High School Drop Out Rates

high school drop outs

Current research shows that high school drop out rates are not increasing. However, almost one third of students do not graduate from high school. In urban areas, the percentage of students that don't graduate is about 50%. While those percentages are shocking, many intervention programs have been successful at reducing the overall high school drop out rate. Yet more is needed to be done until the concept of dropping out is foreign.

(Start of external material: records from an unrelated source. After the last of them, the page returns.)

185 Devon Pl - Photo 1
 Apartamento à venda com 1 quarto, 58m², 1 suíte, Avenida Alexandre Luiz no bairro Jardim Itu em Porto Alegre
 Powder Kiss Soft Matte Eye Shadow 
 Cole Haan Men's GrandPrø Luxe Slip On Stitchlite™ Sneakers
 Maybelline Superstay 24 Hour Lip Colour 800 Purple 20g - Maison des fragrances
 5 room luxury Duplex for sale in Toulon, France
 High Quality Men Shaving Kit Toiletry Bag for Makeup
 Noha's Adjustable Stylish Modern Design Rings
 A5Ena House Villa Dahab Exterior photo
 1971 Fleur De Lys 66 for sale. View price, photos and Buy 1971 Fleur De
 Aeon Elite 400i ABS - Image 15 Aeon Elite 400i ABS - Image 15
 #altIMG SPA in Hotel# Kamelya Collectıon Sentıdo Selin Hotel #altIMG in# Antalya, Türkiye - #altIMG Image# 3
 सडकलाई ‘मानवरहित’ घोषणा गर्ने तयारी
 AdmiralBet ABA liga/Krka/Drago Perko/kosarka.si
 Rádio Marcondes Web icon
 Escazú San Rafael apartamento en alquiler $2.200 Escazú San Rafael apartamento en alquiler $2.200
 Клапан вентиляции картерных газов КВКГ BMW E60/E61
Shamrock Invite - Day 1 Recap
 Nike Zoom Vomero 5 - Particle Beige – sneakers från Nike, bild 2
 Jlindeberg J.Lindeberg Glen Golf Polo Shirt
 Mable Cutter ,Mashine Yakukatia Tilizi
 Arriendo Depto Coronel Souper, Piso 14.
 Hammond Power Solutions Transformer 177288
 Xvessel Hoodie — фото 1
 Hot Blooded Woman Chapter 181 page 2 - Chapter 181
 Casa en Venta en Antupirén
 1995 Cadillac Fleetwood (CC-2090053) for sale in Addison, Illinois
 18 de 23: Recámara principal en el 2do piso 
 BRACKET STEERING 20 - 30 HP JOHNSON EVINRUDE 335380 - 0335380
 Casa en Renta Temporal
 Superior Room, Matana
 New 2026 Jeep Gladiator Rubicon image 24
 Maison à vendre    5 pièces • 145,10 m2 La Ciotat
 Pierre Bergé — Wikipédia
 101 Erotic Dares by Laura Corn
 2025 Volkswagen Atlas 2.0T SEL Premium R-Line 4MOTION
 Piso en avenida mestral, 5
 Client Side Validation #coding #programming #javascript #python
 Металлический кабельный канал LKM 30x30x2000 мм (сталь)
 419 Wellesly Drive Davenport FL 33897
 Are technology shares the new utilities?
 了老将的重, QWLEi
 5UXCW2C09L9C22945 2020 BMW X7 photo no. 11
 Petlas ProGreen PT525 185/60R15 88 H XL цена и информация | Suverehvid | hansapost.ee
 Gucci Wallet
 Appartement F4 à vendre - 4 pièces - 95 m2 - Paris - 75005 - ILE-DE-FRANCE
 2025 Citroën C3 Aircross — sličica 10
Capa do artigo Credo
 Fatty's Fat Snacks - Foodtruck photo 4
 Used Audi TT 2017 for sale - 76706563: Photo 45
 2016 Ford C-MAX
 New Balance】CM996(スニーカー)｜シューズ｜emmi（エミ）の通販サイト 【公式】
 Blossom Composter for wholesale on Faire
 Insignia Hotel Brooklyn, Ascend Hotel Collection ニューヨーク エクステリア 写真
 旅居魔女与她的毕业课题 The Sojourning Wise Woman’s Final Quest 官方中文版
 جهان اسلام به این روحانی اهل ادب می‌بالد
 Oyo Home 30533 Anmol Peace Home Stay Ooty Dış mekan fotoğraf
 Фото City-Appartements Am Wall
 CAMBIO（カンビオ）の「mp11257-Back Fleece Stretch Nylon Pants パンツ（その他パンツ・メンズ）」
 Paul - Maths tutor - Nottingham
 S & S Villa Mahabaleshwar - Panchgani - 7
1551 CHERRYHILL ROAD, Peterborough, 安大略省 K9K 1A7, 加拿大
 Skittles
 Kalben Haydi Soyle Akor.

High School Drop Out Statistics

There are many ways to look at the problem of dropping out of high school. While some choose to look at ethnicity and socio-economic status as an indicator for dropping out, others focus on peers, the overall drop out rates and how they have gotten worse or improved. Statistics can be useful in developing and targeting specific intervention for those teens who are most at risk for dropping out. Consider the following statistics reported from various educational agencies:

Dropping Out and the Economy

A serious drop out problem in our society does affect our economy and so whether or not you have a student at risk, drop out rates are everyone's problem. The Alliance for Excellent Education suggests that if just 50% of students who dropped out were to stay in school, the state would see robust dividends in their local economies. Take Alabama for example. The high school drop out rate in 2005 was 42%. If 21% of those individuals who dropped out were to stay in school or even go onto college, the state would see the following in increased revenues:

  • For each student who graduated, revenues are estimated to go up by some $94,838,688.
  • If those same kids continued and got a bachelor's degree, revenues are estimated to go up by $305, 591, 328.
  • What's more, drop outs are associated with welfare and crime:

It is estimated that high school drop outs cost a state some $24 billion, while lost revenue costs the state some $944 billion. (Thorenston, 2004)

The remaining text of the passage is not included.